2016年、世界のデザイン史に大きな足跡を遺したグラフィックデザイナー、田中一光氏の作品をモチーフとしたシリーズを発表します。
田中氏と三宅一生は1960年代に出会い、深い交流を続けました。その仕事への尊敬とともに、多くの刺激を与えられたことへの感謝の気持ちが、本シリーズを生むきっかけとなりました。
今回は田中氏の数ある傑作の中から、『Nihon Buyo』(1981年)、『写楽二百年』(1995年)、『太い記号のバリエーション』(1992年)の3作品をモチーフとして選びました。
制作にあたり、現存するオリジナル作品と向き合い、サイズ、色彩を忠実に再現する一方で、単に作品を絵柄として扱うのではなく、着用して立体となることで田中作品の魅力が増幅する、いきいきとしたエネルギーをもつ衣服を目指しました。
着るひとの動きが、カットやトリミングを一切しないオリジナルそのままのグラフィックに新たに命を吹き込むのです。

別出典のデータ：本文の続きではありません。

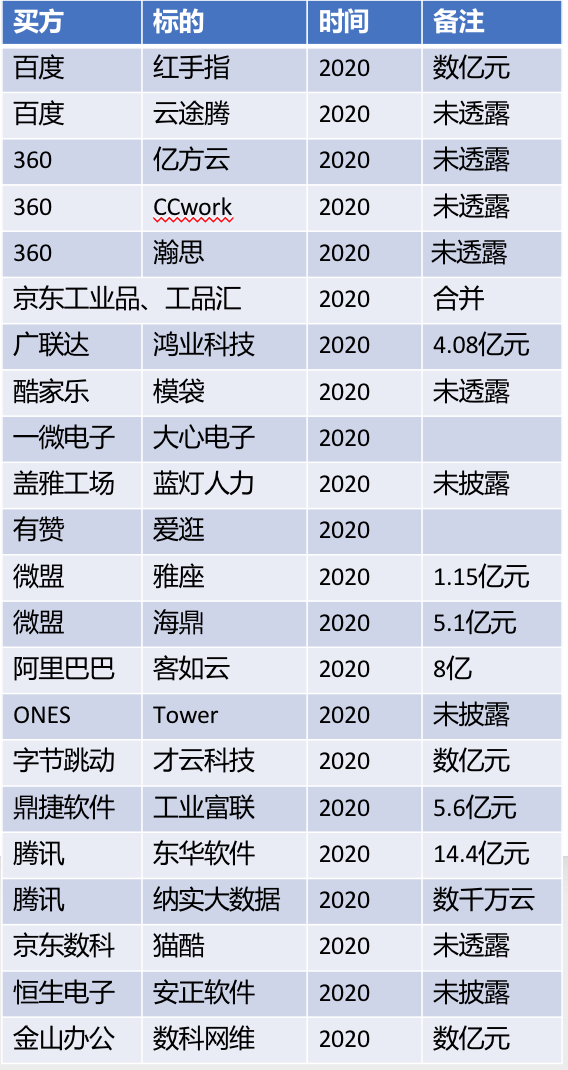 2024新澳天天开奖免费资料大全最新,反馈结果和分析_超值版85.913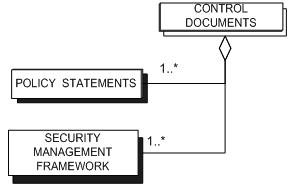 File:Control Data model.JPG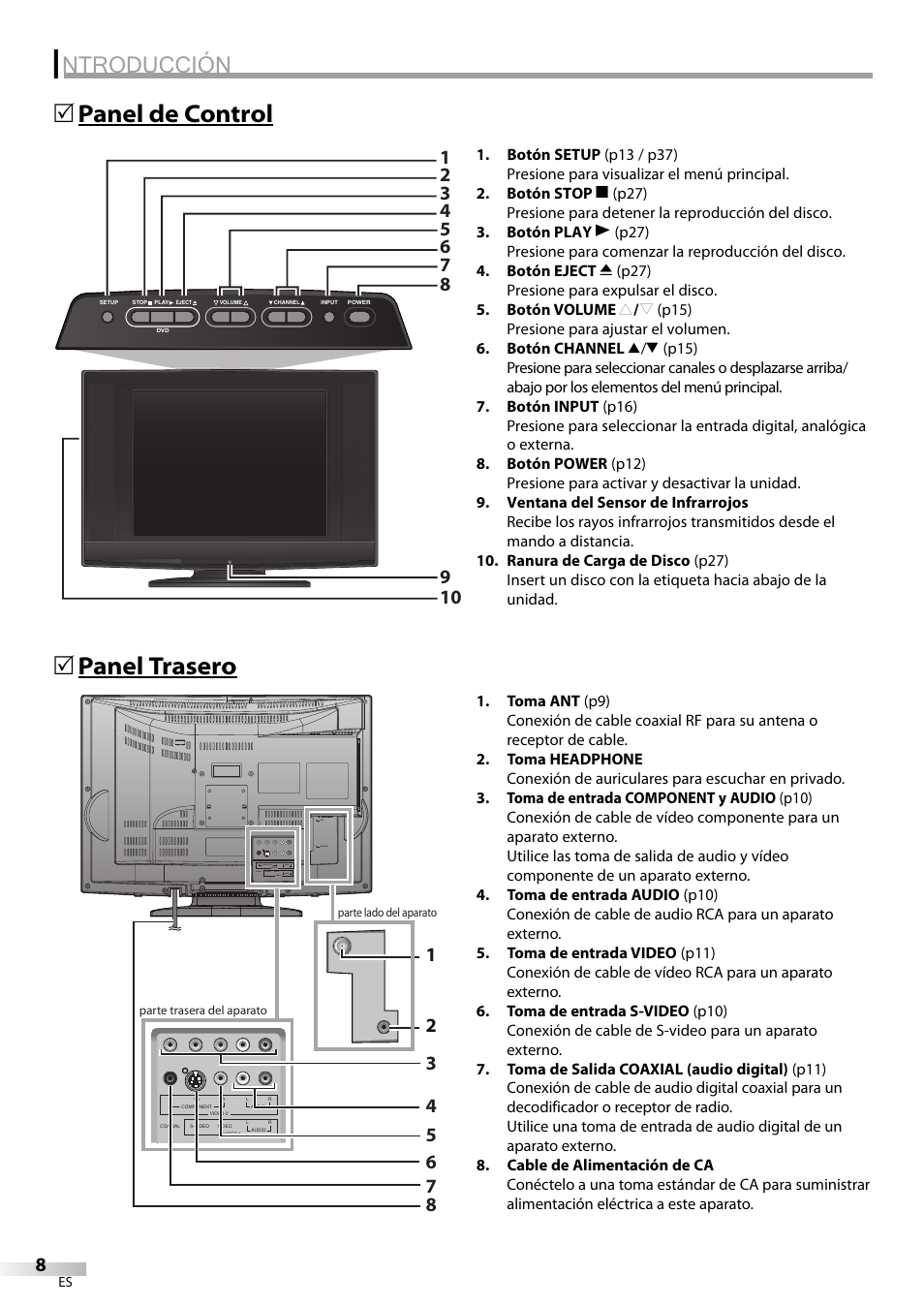 Ntroducción, Panel trasero 5, Panel de control 5 | Sylvania LD200SL9 User Manual | Page 56 / 96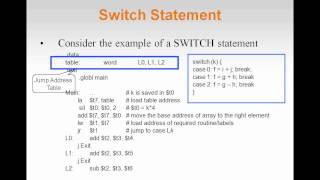 mips tutorial slides12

そこに現れるのは力強くてらいのない、本質的な日本の美にほかなりません。
シリーズの最初となる今回は、現代のお茶会という場で人と人が和むきっかけとなるコミュニケーションとしての衣服を特別に提案します。
コンピューターのない時代から、大胆に発想し、自ら手を動かしてみずみずしい作品を創りつづけた田中一光氏。その仕事やデザインのあるべき姿を知って欲しい。このシリーズはそのための光となって未来を照らしていくものになるでしょう。





田中一光
1930年、奈良市生まれ。京都市立美術専門学校(現・京都市立芸術大学)を卒業後、鐘淵紡績、産經新聞を経て57年に上京、ライトパブリシティに入社。60年、日本デザインセンター創立に参加し、63年より田中一光デザイン室を主宰。伝統芸能、琳派や浮世絵といった近世以前の日本の市民の美意識を西洋のモダンデザインに取り込み、現代の表現として着地させた作品群は、唯一無二であると同時に日本のグラフィックデザインの金字塔となっている。2002年に急逝するまで世界を代表するグラフィックデザイナーとして常に第一線で活躍し、その仕事は今なお世界のデザインに影響を与え続けている。